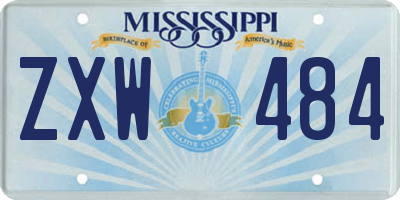 MS license plate ZXW484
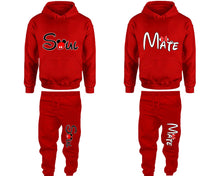 Load image into Gallery viewer, Soul and Mate matching top and bottom set, Red hoodie and sweatpants sets for mens hoodie and jogger set womens. Matching couple joggers.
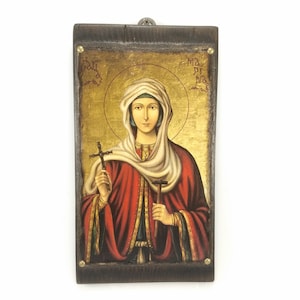 Saint Marina, Handmade Wooden Byzantine Icon, Greek Orthodox Icons, Christian Gifts, Religious Icons, Housewarming Gifts, Wall Hanging Art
################
- _Aim of the exercise_
Transcribe all lines above exactly, skipping pictures.

- _Solution to this exercise_
 MS license plate ZXW484
 Load image into Gallery viewer, Soul and Mate matching top and bottom set, Red hoodie and sweatpants sets for mens hoodie and jogger set womens. Matching couple joggers.
 Saint Marina, Handmade Wooden Byzantine Icon, Greek Orthodox Icons, Christian Gifts, Religious Icons, Housewarming Gifts, Wall Hanging Art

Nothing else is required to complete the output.